Hacker News new | past | comments | ask | show | jobs | submit login

Isn't there a sort of obvious "best of both worlds" by having a vector instruction ISA with a vector length register, plus the promise that a length >= 4 is always supported and good support for intra-group-of-4 shuffles?

Then you can do whatever you did for games and multimedia in the past, except that you can process N samples/pixels/vectors/whatever at once, where N = vector length / 4, and your code can automatically make use of chips that allow longer vectors without requiring a recompile.

Mind you, I don't know if that's the direction that the RISC-V people are taking. But it seems like a pretty obvious thing to do.




In my opinion "the best" would be to support only one, fixed, largest vector size and emulate legacy instructions for smaller sizes using microcode (this is slow, but requires minimum transistor count). There is no need to optimize for legacy software; instead it should be recompiled and compiler should generate versions of code for all existing generations of CPUs.

This way the CPU design can be simplified and all the complexity moved into compilers.


The entire Wintel monopoly has been built on people NOT recompiling old software. They still want it to run as fast as currently possible.


That would be awful for power consumption and only works well if everyone compiles everything from source. Otherwise every binary is awful performance for almost everyone.


> everyone compiles everything from source

One thing I learned from the M1 transition is that people will do it if someone tells them to. I bought a Mac this weekend to do exactly that; lots of users complaining about lack of M1 support. Time to add it (in a way that I can test). I have no choice.

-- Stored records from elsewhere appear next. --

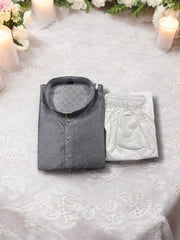 Traditional men's gray silk kurta and pajama set by Saree Ghor Charlotte, showcasing elegant ethnic wear for men.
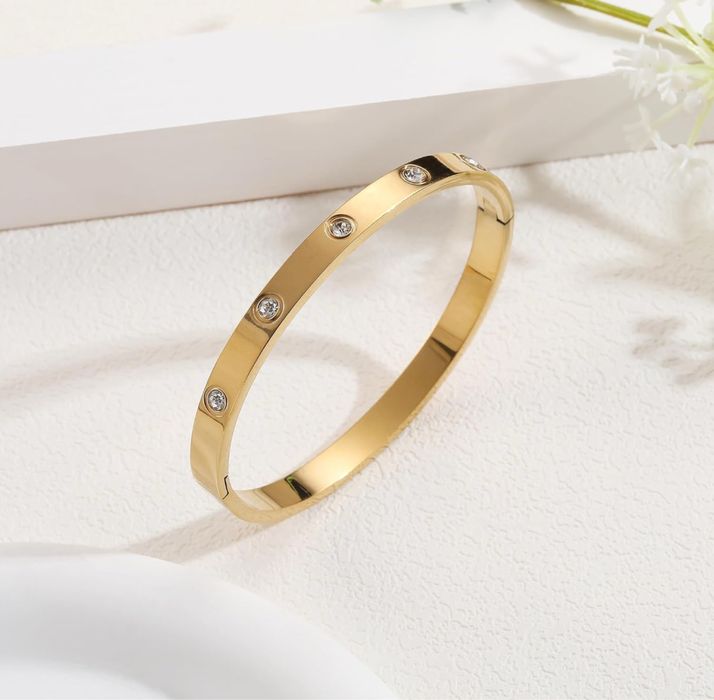 18к златно покритие гривна, колие, гердан, ланец, обеци van cleef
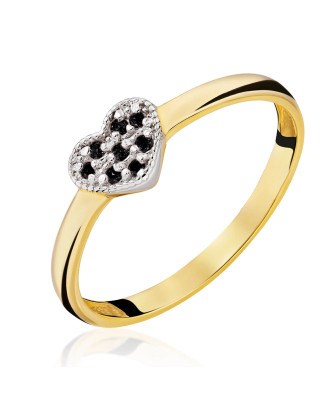 Black heart ring stones 8k
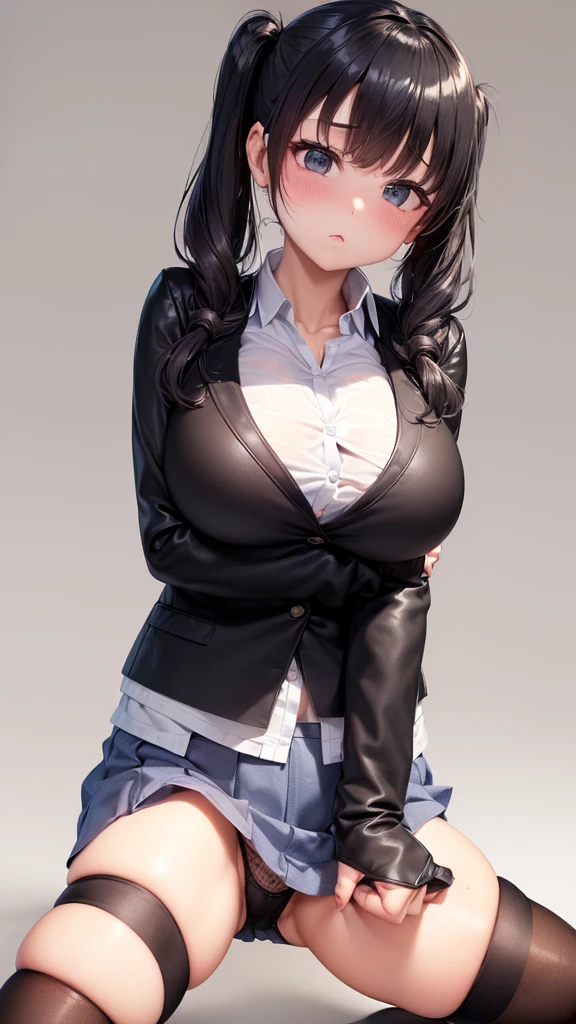 (8k, Highest quality, masterpiece:1.2),\(Narrow eyes),(\(Garment Details\)\),Cowboy Shot,(Huge breasts) ,Very detailedなCG Unity 8k 巨大なファイルサイズ,Very detailed,High resolution,Absurd,Beautiful Eyes,Ray Tracing,Dramatic Shadows,finely,Hyper Detail,(1 girl:1.3),(alone)、(Black Hair),((Long twin tails))、((School uniform、Black Leather Blazer))、((mini skirt))、blush、Sweat、Thick thighs、hot、((Haa))、((Simple Background))、Wide Hips、sexy、Glamorous Body、((A little plump body))、With pride、(Look forward)、((Haa、Sigh))、((Stand up straight))、((((Face forward and spread your legs wide))))、(((Squat))),((Cowboy Shot))、とてもSweat、((Knee-high socks))、(((Keep your hands behind your head)))、Cute polka dot panties、((A slightly lower view))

M1 has a very good x86 emulator for the moment. The users probably underestimate how good it is.

But GPU programs get compiled from source at runtime all the time, and sort of are all about vectors. (M1’s GPU doesn’t actually have vectors.)


Intel tried that (Itanium, with a variation of VLIW called EPIC). Didn't go so well. It was more like Epic Fail.

They poured a lot of money into the compiler. It didn't work out.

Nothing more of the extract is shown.